With merkle trees, a node can download just the block headers (80 bytes per block) and still be able to identify a transaction’s inclusion in a block by retrieving a small merkle path from a full node, without storing or transmitting the vast majority of the blockchain, which might be several gigabytes in size. Nodes that do not maintain a full blockchain, called simplified payment verification (SPV) nodes, use merkle paths to verify transactions without downloading full blocks.

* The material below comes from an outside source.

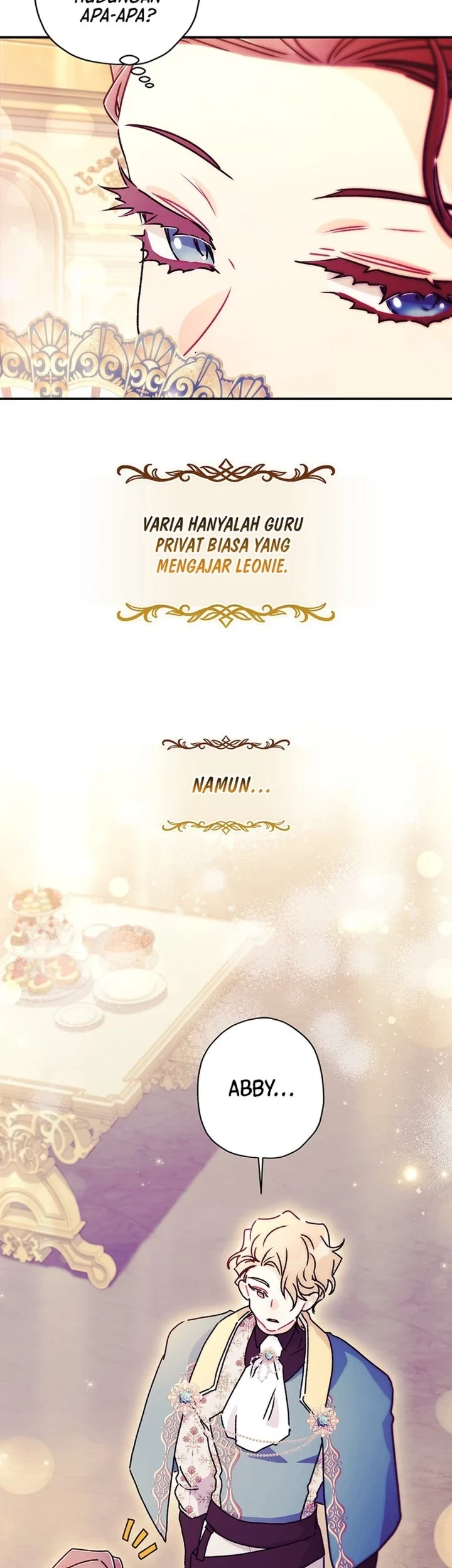 Chapter 161 - halaman 64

Consider, for example, an SPV node that is interested in incoming payments to an address contained in its wallet. The SPV node will establish a bloom filter on its connections to peers to limit the transactions received to only those containing addresses of interest. When a peer sees a transaction that matches the bloom filter, it will send that block using a merkleblock message. The merkleblock message contains the block header as well as a merkle path that links the transaction of interest to the merkle root in the block. The SPV node can use this merkle path to connect the transaction to the block and verify that the transaction is included in the block. The SPV node also uses the block header to link the block to the rest of the blockchain. The combination of these two links, between the transaction and block, and between the block and blockchain, proves that the transaction is recorded in the blockchain. All in all, the SPV node will have received less than a kilobyte of data for the block header and merkle path, an amount of data that is more than a thousand times less than a full block (about 1 megabyte currently).

6 Bitcoin’s Test Blockchains

The “main” Bitcoin blockchain, the one created by Satoshi Nakamoto on January 3rd, 2009, the one with the genesis block we studied in this chapter, is called mainnet. There are other Bitcoin blockchains that are used for testing purposes: testnet and regtest.

Testnet is the name of the test blockchain, network, and currency that is used for testing purposes. The testnet is a fully featured live P2P network, with wallets, test bitcoin (testnet coins), mining, and all the other features of mainnet. There are really only two differences: testnet coins are meant to be worthless and mining difficulty should be low enough that anyone can mine testnet coins relatively easily (keeping them worthless). Every now and then, the testnet has to be scrapped and restarted from a new genesis block, resetting the difficulty. The current testnet is called testnet3, the third iteration of testnet, restarted in February 2011 to reset the difficulty from the previous testnet.

Regtest, which stands for “Regression Testing,” is a Bitcoin Core feature that allows you to create a local blockchain for testing purposes. Unlike testnet3, which is a public and shared test blockchain, the regtest blockchains are intended to be run as closed systems for local testing.